If you would like to see how your bot responds in cases where throttling is occurring (and not necessarily forcing it into tripping the throttling threshold), consider setting your custom channel to send 429 errors to your bot every so often so that it has to retry sending the message.
I have a Spring MVC app running under Jetty. It connects to a CouchDB instance on the same host using Ektorp.
In this scenario, once the Web API request comes into Jetty, I don't have any code that connects to anything not on the localhost of where the Jetty instance is running. This is an important point for later.

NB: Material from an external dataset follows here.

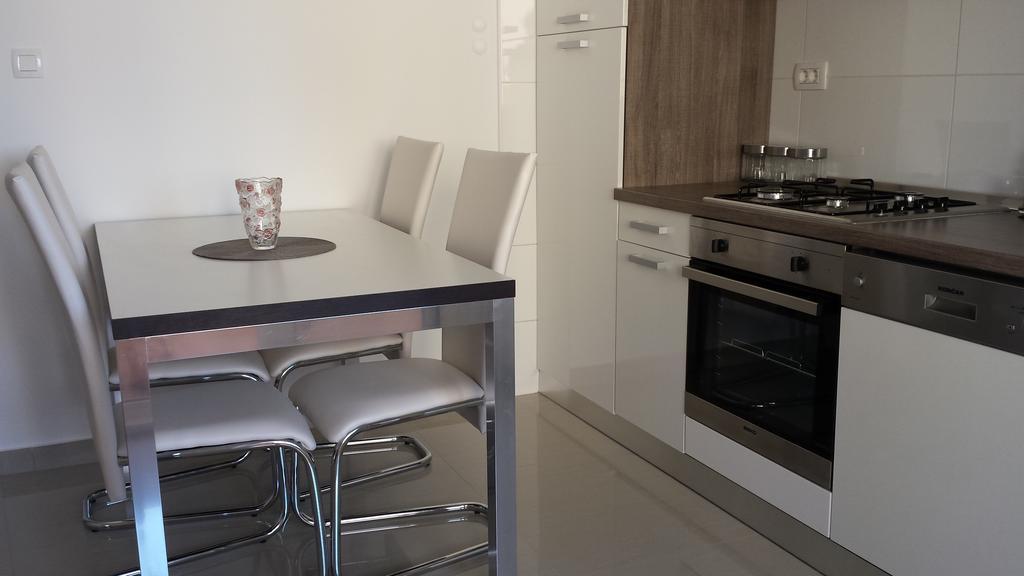 Apartment Sandrica Stomorska Habitación foto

I have debug statements in Jetty to show me the performance of various components of my app, including the performance of querying my CouchDB database.

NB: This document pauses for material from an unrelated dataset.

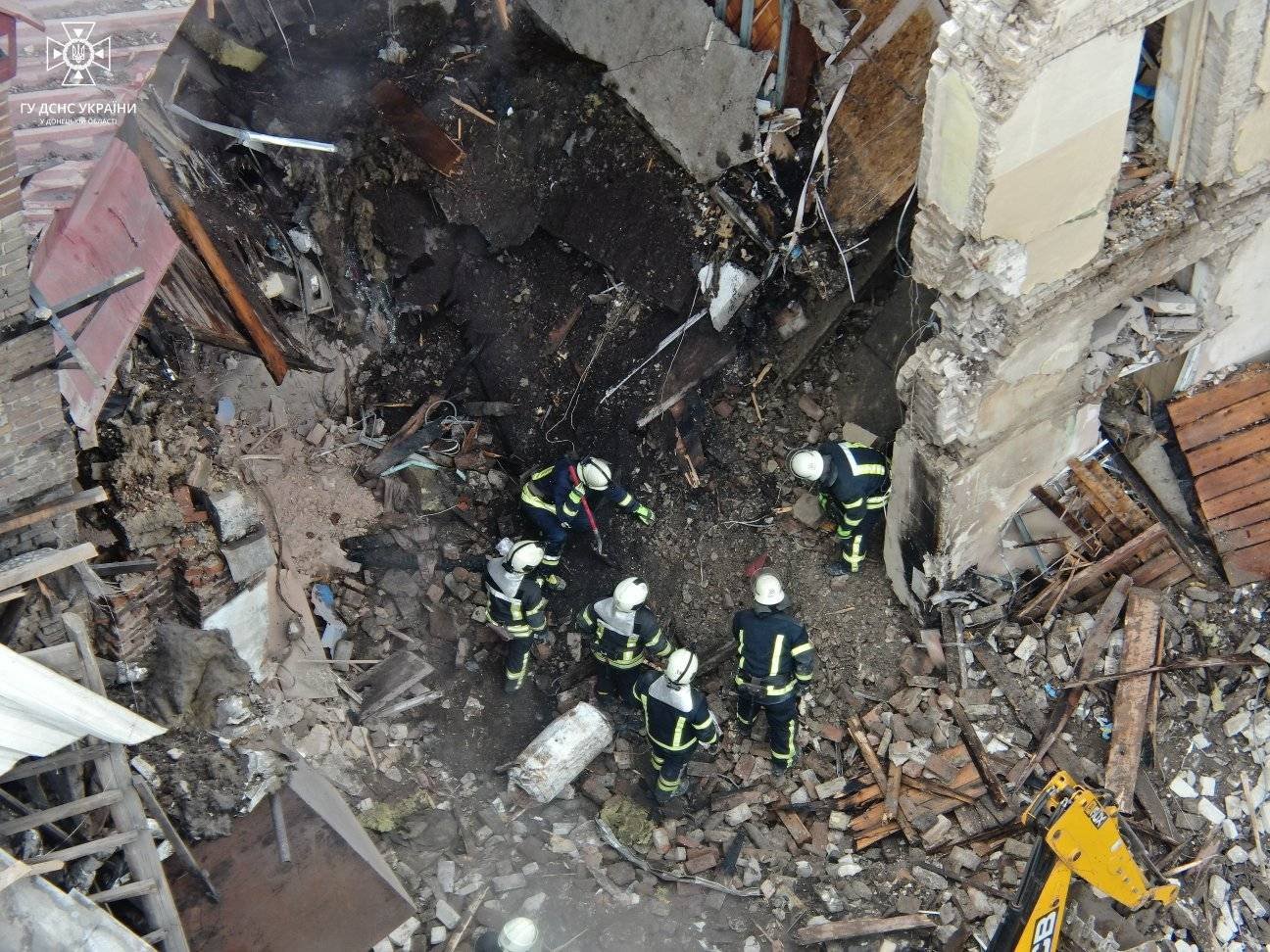 Зруйнована будівля ЗОШ№ 18 у Слов’янську. Фото — ДСНС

Scenario 1: When I initiate the API request from localhost, i.e. I use Chrome to go to http://localhost:8080/, my debug statements indicate a CouchDB peformance of X.

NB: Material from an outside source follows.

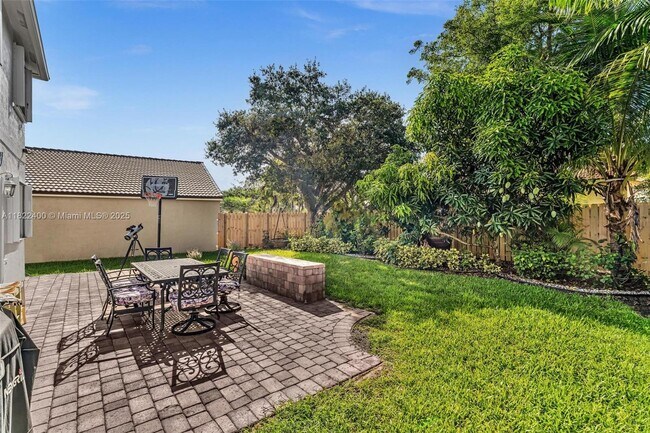 Building Photo - 16408 Sapphire Pl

Scenario 2: When I initiate the exact same API request from a remote host, i.e. I use Chrome to go to http://:8080/, my debug statements indicate a CouchDB performance of 4X.
It looks like something is causing the connection to CouchDB to be much slower in scenario 2 than scenario 1. That doesn't seem to make sense, since once the request comes into my app, regardless of where it came from, I don't have any code in the application that establishes the connection to CouchDB differently based on where the initial API request came from. As a matter of fact, I have nothing that establishes the connection to CouchDB differently based on anything.
It's always the same connection (from the application's perspective), and I have been able to reproduce this issue 100% of the time with a Jetty restart in between scenario 1 and 2, so it does not seem to be related to caching either.
I've gone fairly deep into StdCouchDbConnector and StdHttpClient to try to figure out if anything is different in these two scenarios, but cannot see anything different.
I have added timers around the executeRequest(HttpUriRequest request, boolean useBackend) call in StdHttpClient to confirm this is where the delay is happening and it is. The time difference between Scenario 1 and 2 is several fold on client.execute(), which basically uses the Apache HttpClient to connect to CouchDB.
I have also tried always using the "backend" HttpClient in StdHttpClient, just to take Apache HTTP caching out of the equation, and I've gotten the same results as Scenarios 1 and 2.
Has anyone run into this issue before, or does anyone have any idea what may be happening here? I have gone all the way down to the org.apache.http.impl.client.DefaultRequestDirectory to try to see if anything was different between scenarios 1 and 2, but couldn't find anything ...
A couple of additional notes:
a. I'm currently constrained to a Windows environment in EC2, so instances are virtualized.
b. Scenarios 1 and 2 give the same response time when the underlying instance is not virtualized. But see a - I have to be on AWS.
c. I can also reproduce similar 4X slower performance as in scenario 2 with this third scenario: instead of making the localhost:8080/ using Chrome, I make it using Postman, which is a Chrome application. Using Postman from the Jetty instance itself, I can reproduce the 4X slower times.
The only difference I see in c. above is that the request headers in Chrome's developer tools indicate a Remote Address of [::1]:8080. I don't have any way to set that through Postman, so I don't know if that's the difference maker. And if it were, first I wouldn't understand why. And second, I'm not sure what I could do about it, since I can't control how every single client is going to connect to my API.
All theories, questions, ideas welcome. Thanks in advance!